Read through the material below and find each line that has the word "with"; copy it.

|---|

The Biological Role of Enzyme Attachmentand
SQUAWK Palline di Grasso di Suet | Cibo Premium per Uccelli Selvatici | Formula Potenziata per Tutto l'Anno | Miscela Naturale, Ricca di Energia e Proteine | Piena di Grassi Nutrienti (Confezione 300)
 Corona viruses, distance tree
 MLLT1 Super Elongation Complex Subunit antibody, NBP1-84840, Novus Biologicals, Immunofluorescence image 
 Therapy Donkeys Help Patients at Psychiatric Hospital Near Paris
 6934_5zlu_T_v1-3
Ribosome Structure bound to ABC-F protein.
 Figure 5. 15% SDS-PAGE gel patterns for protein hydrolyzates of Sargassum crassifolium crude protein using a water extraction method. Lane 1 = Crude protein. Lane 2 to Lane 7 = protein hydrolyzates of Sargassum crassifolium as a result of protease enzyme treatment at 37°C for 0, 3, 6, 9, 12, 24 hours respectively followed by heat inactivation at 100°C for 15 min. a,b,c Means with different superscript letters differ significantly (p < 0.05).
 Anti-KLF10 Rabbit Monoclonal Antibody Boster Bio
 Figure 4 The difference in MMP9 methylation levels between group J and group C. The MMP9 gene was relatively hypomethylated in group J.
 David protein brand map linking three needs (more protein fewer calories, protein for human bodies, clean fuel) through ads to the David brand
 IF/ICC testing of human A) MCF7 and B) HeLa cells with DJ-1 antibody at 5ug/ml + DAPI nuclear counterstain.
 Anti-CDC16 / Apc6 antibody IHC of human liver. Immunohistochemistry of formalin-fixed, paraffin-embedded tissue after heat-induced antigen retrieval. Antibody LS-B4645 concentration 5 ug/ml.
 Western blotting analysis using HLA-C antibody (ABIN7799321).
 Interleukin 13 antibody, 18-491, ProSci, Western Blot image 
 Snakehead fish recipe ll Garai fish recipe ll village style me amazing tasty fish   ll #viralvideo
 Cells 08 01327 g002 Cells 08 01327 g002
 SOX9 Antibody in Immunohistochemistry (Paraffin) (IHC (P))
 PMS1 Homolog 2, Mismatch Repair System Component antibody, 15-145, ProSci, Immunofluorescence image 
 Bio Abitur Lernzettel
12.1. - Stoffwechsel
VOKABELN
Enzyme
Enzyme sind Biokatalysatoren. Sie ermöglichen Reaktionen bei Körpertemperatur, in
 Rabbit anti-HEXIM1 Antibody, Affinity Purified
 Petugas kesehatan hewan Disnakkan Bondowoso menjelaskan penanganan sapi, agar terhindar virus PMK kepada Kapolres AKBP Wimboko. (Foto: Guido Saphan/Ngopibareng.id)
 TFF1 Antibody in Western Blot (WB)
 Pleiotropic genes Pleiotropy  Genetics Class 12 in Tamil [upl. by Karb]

|---|

[Exercise result]
 Figure 5. 15% SDS-PAGE gel patterns for protein hydrolyzates of Sargassum crassifolium crude protein using a water extraction method. Lane 1 = Crude protein. Lane 2 to Lane 7 = protein hydrolyzates of Sargassum crassifolium as a result of protease enzyme treatment at 37°C for 0, 3, 6, 9, 12, 24 hours respectively followed by heat inactivation at 100°C for 15 min. a,b,c Means with different superscript letters differ significantly (p < 0.05).
 IF/ICC testing of human A) MCF7 and B) HeLa cells with DJ-1 antibody at 5ug/ml + DAPI nuclear counterstain.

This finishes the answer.